## Directions for this task
Starting with the line that contains "改款 28T 領(lǐng)先運動型圖片", copy out each line through the end of the entries below, exactly as written, and nothing else.

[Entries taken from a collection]
_ _ _ _ _ _ _

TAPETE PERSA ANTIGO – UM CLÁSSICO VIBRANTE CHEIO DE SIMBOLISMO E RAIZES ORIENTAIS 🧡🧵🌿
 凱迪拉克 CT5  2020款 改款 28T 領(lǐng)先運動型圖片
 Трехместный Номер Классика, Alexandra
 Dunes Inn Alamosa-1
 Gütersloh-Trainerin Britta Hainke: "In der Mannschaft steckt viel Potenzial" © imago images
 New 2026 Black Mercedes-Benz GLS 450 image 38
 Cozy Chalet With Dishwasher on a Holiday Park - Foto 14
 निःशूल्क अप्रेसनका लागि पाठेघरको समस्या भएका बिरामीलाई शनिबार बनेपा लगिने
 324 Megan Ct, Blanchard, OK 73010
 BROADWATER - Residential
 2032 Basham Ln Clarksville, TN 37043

_ _ _ _ _ _ _

## Answer for this exercise
 凱迪拉克 CT5  2020款 改款 28T 領(lǐng)先運動型圖片
 Трехместный Номер Классика, Alexandra
 Dunes Inn Alamosa-1
 Gütersloh-Trainerin Britta Hainke: "In der Mannschaft steckt viel Potenzial" © imago images
 New 2026 Black Mercedes-Benz GLS 450 image 38
 Cozy Chalet With Dishwasher on a Holiday Park - Foto 14
 निःशूल्क अप्रेसनका लागि पाठेघरको समस्या भएका बिरामीलाई शनिबार बनेपा लगिने
 324 Megan Ct, Blanchard, OK 73010
 BROADWATER - Residential
 2032 Basham Ln Clarksville, TN 37043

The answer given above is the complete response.